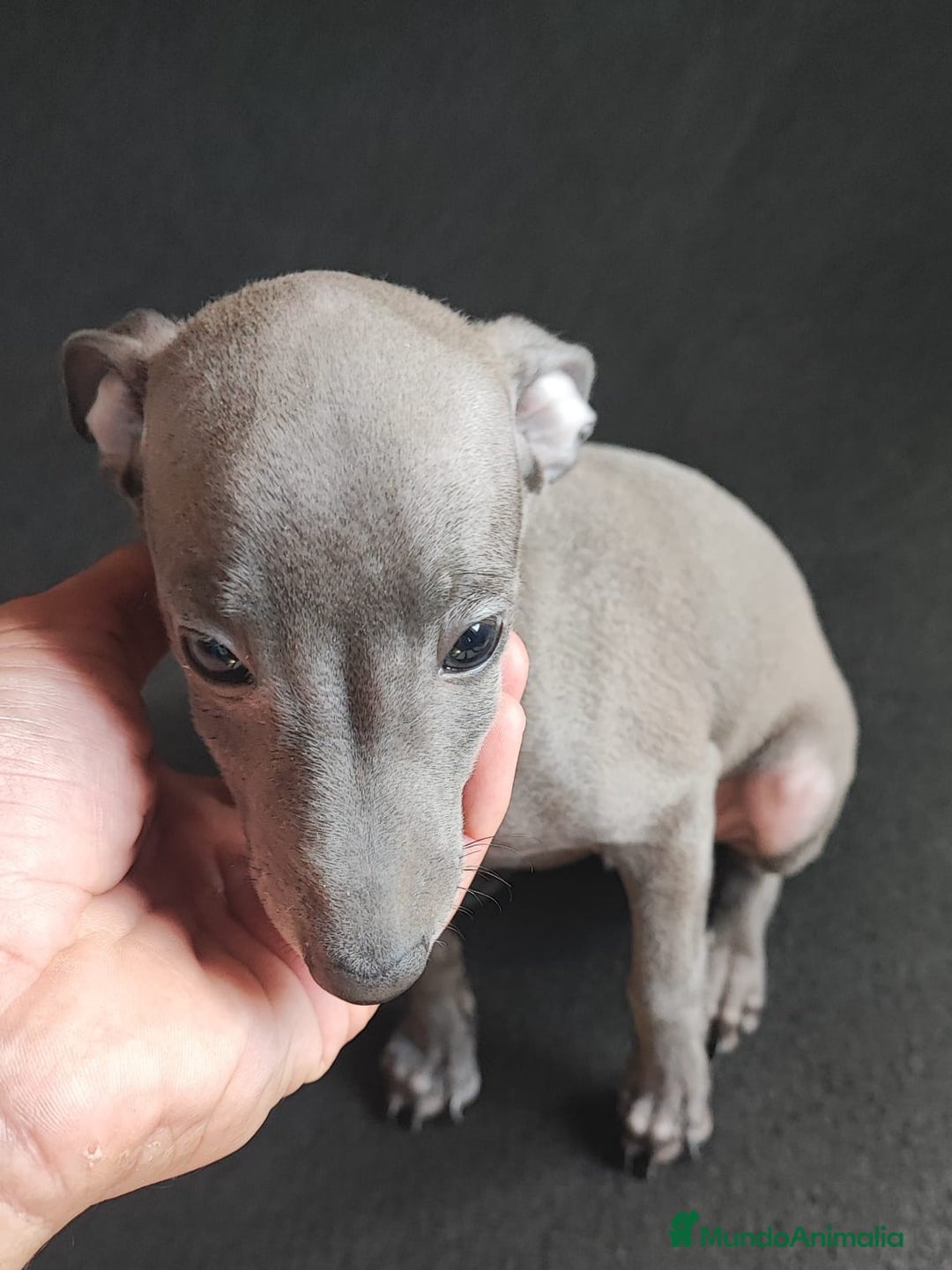 Pequeño Lebrel Italiano perros en venta: Galgo italiano (machos) - Imagen 2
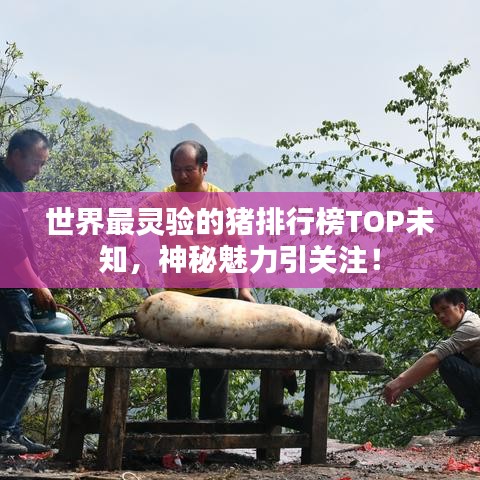 世界最灵验的猪排行榜TOP未知，神秘魅力引关注！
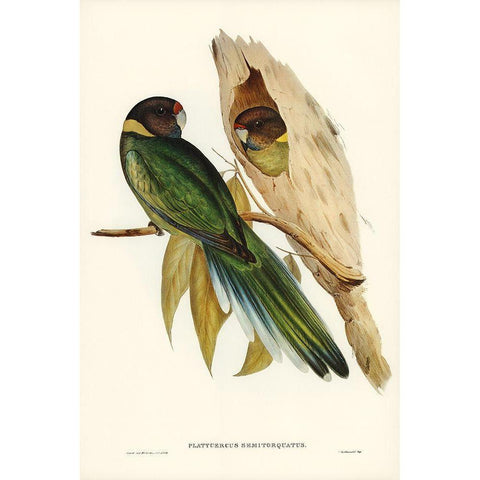 Yellow-collared Parakeet-Platycercus semitorquatus Black Modern Wood Framed Art Print with Double Matting by Gould, John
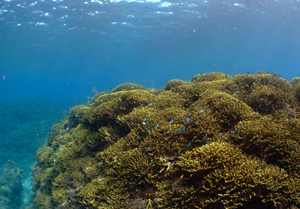 沖縄　大浦湾　枝サンゴの水中景観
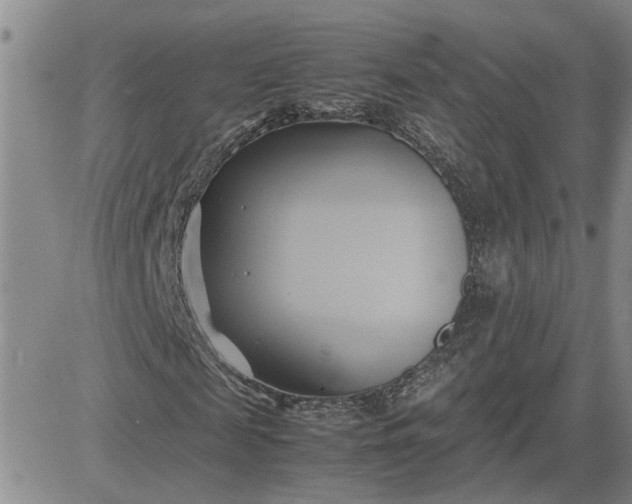 X0000083620817200702260951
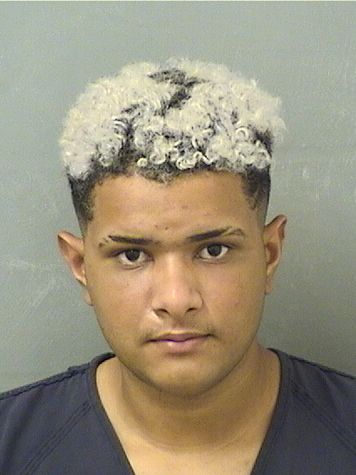  THIAGO A MAGALHAES Resultados de la busqueda para Palm Beach County Florida para  THIAGO A MAGALHAES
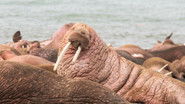 Walrus: Life on Thin Ice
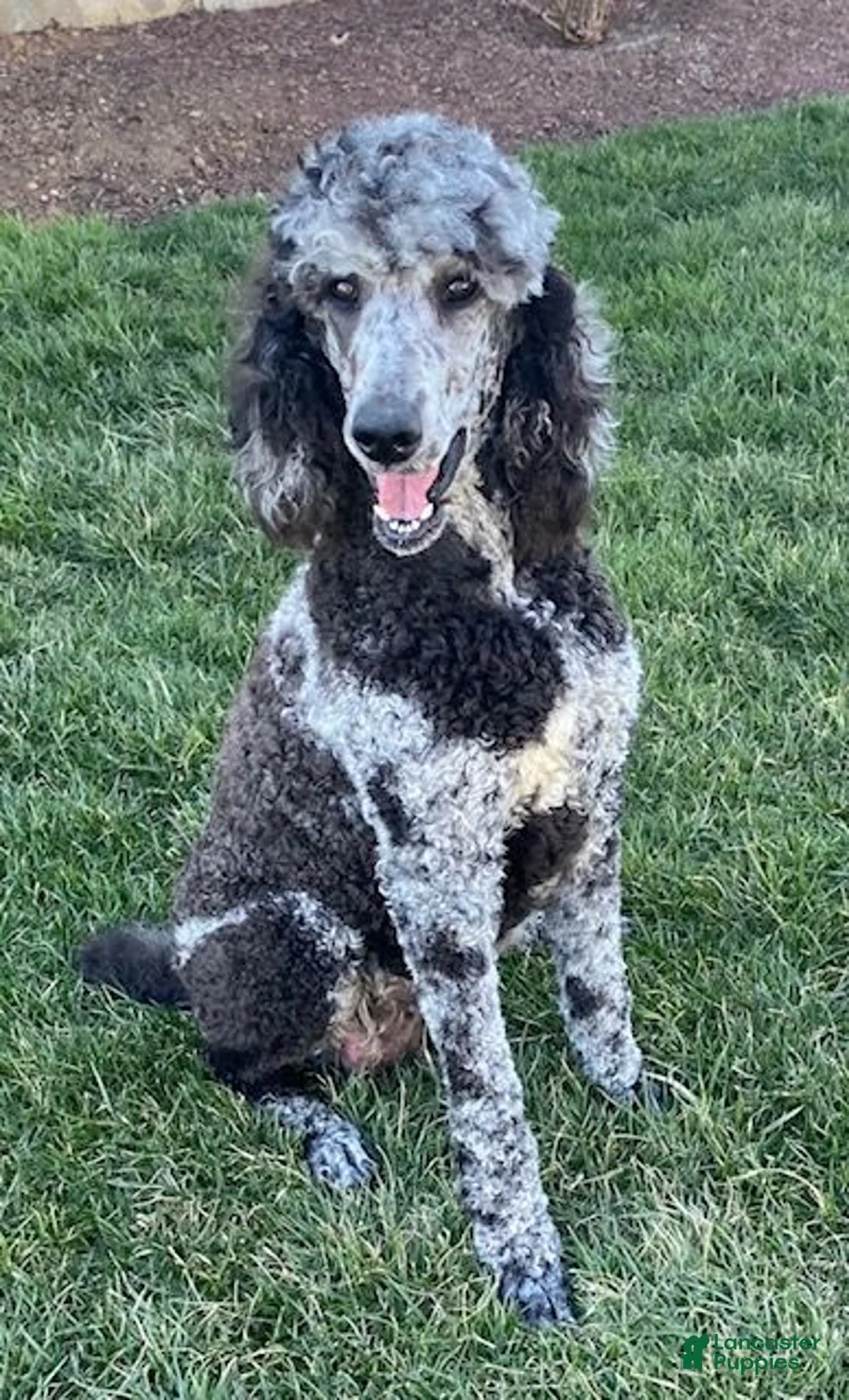Standard Poodle dogs for sale: Tasha- genetic clear - Ad 4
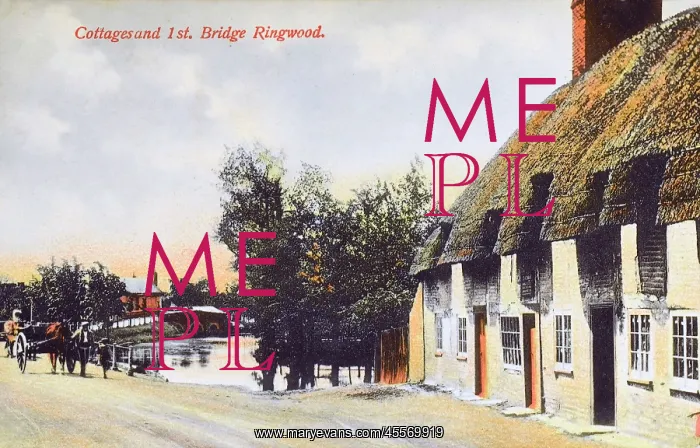 : Cottage and the first bridge - Ringwood, Hampshire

|---|

*WHAT YOU SHOULD DO:*
Return the complete material exactly as given, excluding images.

*RESULT BELOW:*
 Pequeño Lebrel Italiano perros en venta: Galgo italiano (machos) - Imagen 2
 世界最灵验的猪排行榜TOP未知，神秘魅力引关注！
 Yellow-collared Parakeet-Platycercus semitorquatus Black Modern Wood Framed Art Print with Double Matting by Gould, John
 沖縄　大浦湾　枝サンゴの水中景観
 X0000083620817200702260951
  THIAGO A MAGALHAES Resultados de la busqueda para Palm Beach County Florida para  THIAGO A MAGALHAES
 Walrus: Life on Thin Ice
Standard Poodle dogs for sale: Tasha- genetic clear - Ad 4
 : Cottage and the first bridge - Ringwood, Hampshire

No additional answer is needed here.